This is the "Carolina Business Review, Economic Year in Review," featuring Sarah House of Wells Fargo, Mark Vitner of Piedmont Crescent Capital, Dr. John Connaughton of UNC, Charlotte, and Anders Persson from Nuveen.
(dramatic music) - Happy Holidays.
Merry Christmas.
Happy New Year.
Glad to have y'all here.
Anders, welcome to this gang.
You might be sorry for this at the end of this dialogue.
- Looking forward to it, thank you.
- Thank you, it's good to have you here.
Sarah, I'm gonna start with you.
If the presidential election of most recent had a different outcome, would the animal spirits in markets in the economy and business be different right now?
- I think they would be.
I think you really saw consumers and businesses looking for some sort of change.
I think, you know, they've been plagued by the inflation environment of the past few years where even as inflation has slowed, we still see prices significantly higher than what they were just a few years ago.
And I think that's really weighed on a lot of economic actors over the past couple of years.
And so with this election outcome, we've seen big jumps in consumer confidence.
We saw the biggest jump in business confidence going back to the mid-1980s.
And so I think there definitely, it has been a release of some animal spirits or increased optimism about the account, the economy.
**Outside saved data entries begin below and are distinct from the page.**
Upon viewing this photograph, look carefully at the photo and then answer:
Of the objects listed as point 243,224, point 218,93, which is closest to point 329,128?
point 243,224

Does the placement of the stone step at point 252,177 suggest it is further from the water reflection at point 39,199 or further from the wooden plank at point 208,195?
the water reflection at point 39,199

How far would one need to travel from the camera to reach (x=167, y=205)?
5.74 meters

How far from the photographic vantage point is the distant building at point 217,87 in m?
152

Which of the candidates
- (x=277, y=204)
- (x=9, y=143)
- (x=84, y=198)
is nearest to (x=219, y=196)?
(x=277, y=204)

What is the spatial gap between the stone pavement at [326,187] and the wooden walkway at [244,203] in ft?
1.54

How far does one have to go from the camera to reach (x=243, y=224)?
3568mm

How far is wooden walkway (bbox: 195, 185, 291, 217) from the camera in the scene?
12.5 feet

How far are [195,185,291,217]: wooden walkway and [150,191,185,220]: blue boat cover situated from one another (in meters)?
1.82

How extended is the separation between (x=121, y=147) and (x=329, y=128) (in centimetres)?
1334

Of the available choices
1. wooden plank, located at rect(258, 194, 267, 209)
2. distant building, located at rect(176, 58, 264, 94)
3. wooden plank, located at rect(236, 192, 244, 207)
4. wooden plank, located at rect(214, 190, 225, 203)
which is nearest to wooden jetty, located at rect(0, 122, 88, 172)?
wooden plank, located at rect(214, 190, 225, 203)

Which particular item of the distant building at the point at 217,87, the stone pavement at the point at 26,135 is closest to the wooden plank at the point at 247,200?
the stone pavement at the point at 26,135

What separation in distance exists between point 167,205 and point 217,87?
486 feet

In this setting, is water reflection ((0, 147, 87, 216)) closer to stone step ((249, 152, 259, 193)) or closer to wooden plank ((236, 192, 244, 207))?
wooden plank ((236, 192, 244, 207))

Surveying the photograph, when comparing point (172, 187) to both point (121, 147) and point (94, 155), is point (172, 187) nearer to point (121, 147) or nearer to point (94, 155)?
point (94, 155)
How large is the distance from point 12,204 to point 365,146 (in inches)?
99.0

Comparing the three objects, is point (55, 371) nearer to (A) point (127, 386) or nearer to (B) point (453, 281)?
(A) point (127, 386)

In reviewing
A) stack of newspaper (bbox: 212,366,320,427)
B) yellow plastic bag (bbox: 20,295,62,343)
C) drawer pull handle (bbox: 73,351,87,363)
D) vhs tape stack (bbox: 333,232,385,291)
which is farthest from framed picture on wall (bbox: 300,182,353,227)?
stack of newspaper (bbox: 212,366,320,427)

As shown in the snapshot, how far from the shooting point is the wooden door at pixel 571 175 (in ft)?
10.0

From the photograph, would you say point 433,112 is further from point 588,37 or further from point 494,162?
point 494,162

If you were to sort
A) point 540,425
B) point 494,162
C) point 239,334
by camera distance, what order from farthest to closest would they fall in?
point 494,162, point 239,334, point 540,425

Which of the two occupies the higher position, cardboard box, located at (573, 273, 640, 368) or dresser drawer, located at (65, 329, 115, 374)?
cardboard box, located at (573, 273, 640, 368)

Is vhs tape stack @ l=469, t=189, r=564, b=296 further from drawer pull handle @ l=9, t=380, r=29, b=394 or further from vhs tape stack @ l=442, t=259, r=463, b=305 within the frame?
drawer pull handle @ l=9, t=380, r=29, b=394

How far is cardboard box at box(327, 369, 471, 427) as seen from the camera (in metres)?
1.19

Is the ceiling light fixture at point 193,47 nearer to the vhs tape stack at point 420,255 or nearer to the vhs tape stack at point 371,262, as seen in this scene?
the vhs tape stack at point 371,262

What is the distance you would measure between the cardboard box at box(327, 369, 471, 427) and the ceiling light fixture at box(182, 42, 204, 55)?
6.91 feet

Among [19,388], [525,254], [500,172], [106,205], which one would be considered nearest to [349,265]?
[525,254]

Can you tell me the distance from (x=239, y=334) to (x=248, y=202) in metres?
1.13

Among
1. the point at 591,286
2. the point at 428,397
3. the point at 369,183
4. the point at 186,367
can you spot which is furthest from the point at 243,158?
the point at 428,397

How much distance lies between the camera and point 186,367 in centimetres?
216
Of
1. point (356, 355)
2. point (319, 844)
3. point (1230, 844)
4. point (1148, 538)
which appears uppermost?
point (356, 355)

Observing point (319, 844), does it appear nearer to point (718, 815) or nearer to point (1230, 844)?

- Anders, how do you take that?
- Yeah, I would concur I think, you know, having a very decisive outcome I think was something the market was hoping for.
So removing some of the uncertainty in general, I think the view being that the Republican kind of type focus will be a little bit more corporate-friendly and business friendly.
I think it's definitely adding to the animal spirits, using your term.
So we're seeing that with, you know, stock market moving up, credit spreads, you know, on the fixed-income side and moved in quite dramatically.
And I think that's reflecting basically a little bit more confidence around less regulatory pressure, a little bit more confidence around, you know, outlook for 2025.
- Yeah, and I know you two have an opinion on this and I want to get into it right now, Mark and John.
Mark, do you think the reaction in capital markets was an overreaction to optimism on what may come?
- Well, the stock market always tends to overreact, and it's already pulled back a little bit since then, but I think it's got it right in that there was a good bit of regulatory pressure on business.
And one of the things that is going to change is the M&A outlook.
It's going to change in a big way.
And so we're going to allow more mergers under Trump than we're allowed under Harris and the startup community, and particularly in Silicon Valley, which went for Biden in the last election, went overwhelmingly for Trump in this election because they've just been clobbered.
It's been virtually impossible to start up a company and sell it to Facebook or sell it to Amazon.
And without that, if you can't have an exit, it's very hard to get funding to start a company.
And so we've seen a sea change there and I think that's going to make a worlds of difference.
And that's why the stock market's reacted like it has.
- So is there real smoke and substance to this optimism?
- Probably not.
Government moves very, very slowly.
There will be some presidential orders that take place early in the Trump administration that will reduce, as Mark said, the regulation.
And it has been overbearing under the Biden administration in terms, particularly, the Antitrust Division of the CON.
It's been horrendous in terms of, I mean, look at what happened with Spirit Airways.
It's probably gonna go outta business now.
How does that improve competition?
But anyway- - Well, yeah, economists would call that creative destruction, right?
- Well, the JetBlue and Spirit combined may have been a better competitor to American United, Delta, et cetera.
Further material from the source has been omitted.